Posted: Monday, Jun 24, 2013
Modified: Monday, Jun. 24, 2013

From left, senior engineering majors Wesley Waterhouse, 23, David Mayfield, 23, and Aaron Cameron, 23, demonstrate the tabletop signaling device for restaurants they created for Nirak Inc. the company sponsor of their senior design project. Each year UNC Charlotte’s William States Lee College of Engineering matches seniors with companies to work on engineering design projects. The final products are displayed for the public during the Senior Design Expo.

Daniel Latta looked down into the bowl of Halton Arena and watched the futures of many of his former students being shaped.

The senior engineering majors, dressed in suits instead of their usual T-shirts and khaki shorts, were busy shaking hands with the business leaders who had come to see their work.

“This is the exciting part,” said Latta, a lecturer and freshman adviser at UNC Charlotte’s William States Lee College of Engineering, as he observed hundreds of people milling below. “It’s so much fun.”
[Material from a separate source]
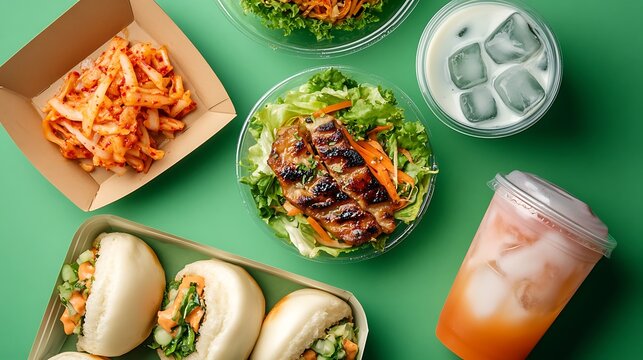 Assorted asian fusion takeout meal set featuring grilled chicken salad steamed bao buns kimchi and refreshing iced drinks arranged on a vibrant solid green background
In the seven years the college has held its Senior Design Expo, Latta has seen countless students hired on the spot, or soon afterward. He has also seen a few of the projects they’ve worked on go from concept to design to mass production by the companies that sponsored them.

The Senior Design Expo is meant, first and foremost, to be an educational tool, so students can learn what it’s like to work on real-world projects with engineers already in the field.

But it reaps other benefits, too, for students, companies and often – when a prototype is patented and manufactured – the public.

At the expo, Aaron Cameron, 22, a senior mechanical engineering major, demonstrated his team’s project, a tabletop signaling device for restaurants.

“Our sponsor came up with this idea one day when she was sitting at a restaurant,” said Cameron. “The wait staff was hanging over her table a little too much and she couldn’t talk to her husband.”

The touchscreen device allows customers to select when they need the wait staff, and for what reason. Pressing the water button signals a blue light at the restaurant’s main computer. Pressing the bread button sends a purple light, and so on.

“The prototype goes to our sponsor, Nirak Inc.,” said Cameron.

“We were joking that one day we may sit down at an Applebee’s and see one of these units and say, ‘Hey, we designed that.’ ”

It’s not a far-fetched notion.

Past projects that have made it to the market include everything from new concepts in commercial ice cream freezers to newly designed hand and power tools sitting on the shelves of hardware stores today.

In 2006, when the expo began the collaborative format of matching student engineers with businesses in the private sector, only seven projects had company sponsors, and professors assigned the rest. Today, 90 percent of the projects are sponsored by an external party.

It’s a win/win situation for both collaborators, said Dan Hoch, chairman of the Senior Design Committee.

“The purpose of our senior design program is to give our students the opportunity to work on a design project that will emulate what most of them are likely to see at a first job as a practicing engineer,” said Hoch, who has worked with at least 100 companies during the expo’s seven-year run. “The industries benefit by potentially getting a work product back that is of value.”

Often times, the nine-month-long projects become extended interview sessions as well. Around 25 percent of students get offers from their supporting companies.

“Last expo I was standing exactly where they are,” said Jon McGraw, pilot program manager for Huber Technology, a manufacturer of municipal water and wastewater treatment equipment.

McGraw graduated from UNC Charlotte in 2012 with a degree in civil engineering and was quickly hired after the expo.

Huber Technology sponsored a project that assigned six students to develop a test trailer for the company to demonstrate their equipment to potential customers.

Impressed by the team’s design, McGraw said the company plans to manufacture a trailer based on the prototype.

McGraw said he’d remember their names when asked for suggestions to fill a junior engineer position opening up in the coming weeks.

“It’s good to know these six,” he said.